There’s something odd about Minnesota’s COVID-19 vaccination data. As of summer 2021, official vaccination rates for older Black and Asian American residents are 100%. This, of course, is wrong. Every demographer recognizes the problem: a
There’s something odd about Minnesota’s COVID-19 vaccination data. As of summer 2021, official vaccination rates for older Black and Asian American residents are 100%. This, of course, is wrong.
Every demographer recognizes the problem: a mismatch between who is counted in the numerator (people vaccinated) and the denominator (population counts). In a changing population, denominators can quickly become obsolete. New data available suggests that the number of black seniors in Minnesota increased by more than 20% between 2018 and 2021, but around the time the state began tracking vaccinations, the most recent available denominators were outdated for years. Pairing 2021 vaccination figures with population estimates from just a few years ago severely overestimates vaccination rates.
An erroneous denominator also sparked alarm in England when it incorrectly suggested that COVID-19 infections in residents aged 40 to 79 were higher in vaccinated people than in unvaccinated people. The problem? An overestimated denominator led to infections being linked to an unrealistic pool of unvaccinated people, which lowered the apparent infection rate.
Excess mortality is particularly sensitive to bad denominators, a working tool that captures how many more people have died than would normally be expected; too small a denominator inflates estimates of excess mortality rates in two ways. If the estimates assume that a population has fewer people than it actually has, we expect too few deaths – and the resulting overestimation of the number of “excess” deaths is attributed to a population that is too small.
Denominators err by being outdated (as in Minnesota) or by drawing numerators and denominators from sources capturing different groups of people (as in England). Even slightly outdated denominators quickly become inaccurate when a drastic event disrupts births, deaths, or migrations. Major social crises often disrupt all three.
To solve the problem of the denominator, demographers, specialized in measuring populations, must unite. It’s time for them to provide detailed guidance on constructing denominators when official data is outdated. We need collaboration that can unify efforts to address outdated denominators and, most importantly, make them accessible to epidemiologists, health officials, and others.

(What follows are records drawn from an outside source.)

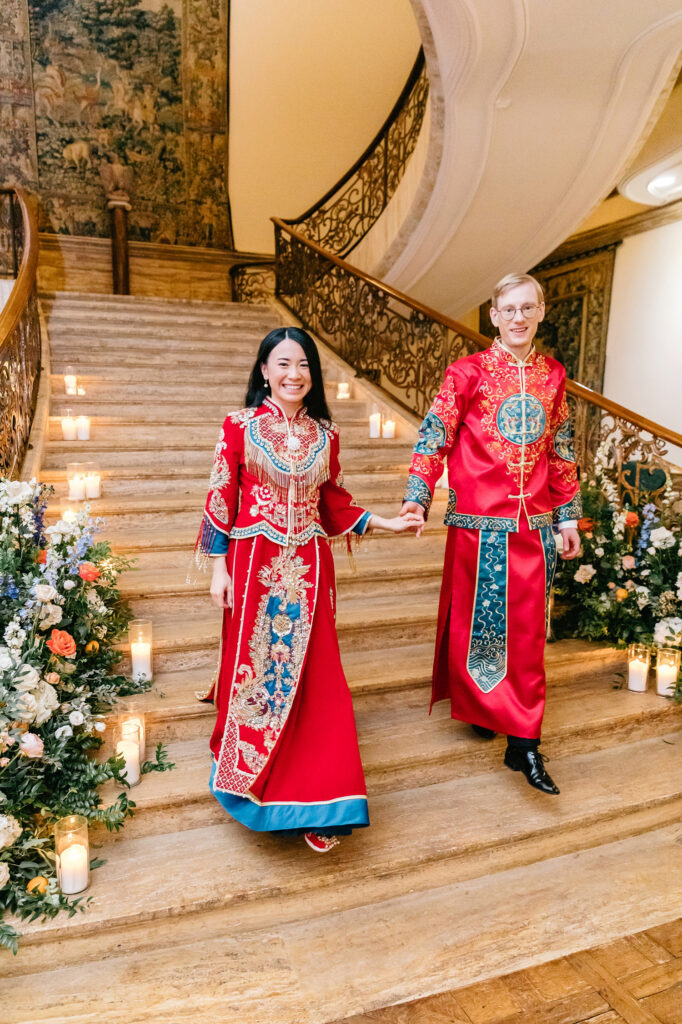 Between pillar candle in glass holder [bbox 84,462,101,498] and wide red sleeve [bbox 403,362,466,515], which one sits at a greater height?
wide red sleeve [bbox 403,362,466,515]

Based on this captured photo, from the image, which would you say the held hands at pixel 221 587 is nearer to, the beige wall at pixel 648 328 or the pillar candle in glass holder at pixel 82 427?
the pillar candle in glass holder at pixel 82 427

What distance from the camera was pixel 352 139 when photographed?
9.20 metres

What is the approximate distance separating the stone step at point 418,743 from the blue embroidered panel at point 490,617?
39 cm

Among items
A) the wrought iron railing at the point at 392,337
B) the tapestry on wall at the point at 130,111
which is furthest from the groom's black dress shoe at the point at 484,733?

Minnesota’s vaccination data illustrates the impasse in which researchers and policymakers find themselves. It’s because the state has done such a glowing job of offering helpful numerators, reporting vaccinations by race and age together, that its denominator problem is so acute. As subpopulations become more defined — as in these older black populations — the data becomes more useful for understanding inequalities and planning health campaigns, but the relevant denominators are the least up-to-date.
As an individual researcher, I can adjust the denominators in any way that best suits my research question, making reasonable guesses about the evolution of a population. But public health officials working in highly polarized environments are loath to do so for fear of being accused of cooking the numbers and playing politics. It’s understandable that they default to unadjusted – but outdated – data.
And the freedom of individual researchers to adjust the denominator comes at a cost: when each article constructs the denominators differently, the results cannot be easily compared between studies. Public health officials tell me they are frustrated that each study makes different adjustments. And even experienced researchers might not realize how much their estimates depend on how they update the population (or not) — some excess mortality analyzes don’t even say what denominator data is used. I myself was amazed at how important this can be in my own work.
Instead of each analyst’s situation for themselves, we need a collective solution – one that would be authoritative, clear, and enforceable enough for demographers to rely on and civil servants to follow. adopt.
What would that entail? We would need specific, open-source software routines to update older data with recent statistics (births, deaths, migrations) and to combine newer data with projected trends for specific populations. A collective solution would also require guidance, based on empirical and what-if analyzes that answer questions such as the magnitude of a demographic shock (such as a spike in deaths from an infectious disease) before it is a bad idea of projecting older trends (which might no longer apply) into the present? Such questions rarely matter much in normal times. In a crisis, they can be crucial.
Demographers are well placed for this effort. We work in various academic disciplines, so we can draw on a wealth of expertise, for example, measuring mortality and migration, estimating populations in small areas and developing forecasting models.
Consensus is crucial, as public officials can only adopt techniques that are accepted as legitimate and impartial. A major international initiative could produce something really useful in a year and a more complete set of answers in a few years. Reliable estimates are needed for this and subsequent pandemics. They will be needed as climate and other disasters hit, allowing us to detect deaths even if reporting practices lag.
The best approach to future crises is to start now.
The author declares no competing interests.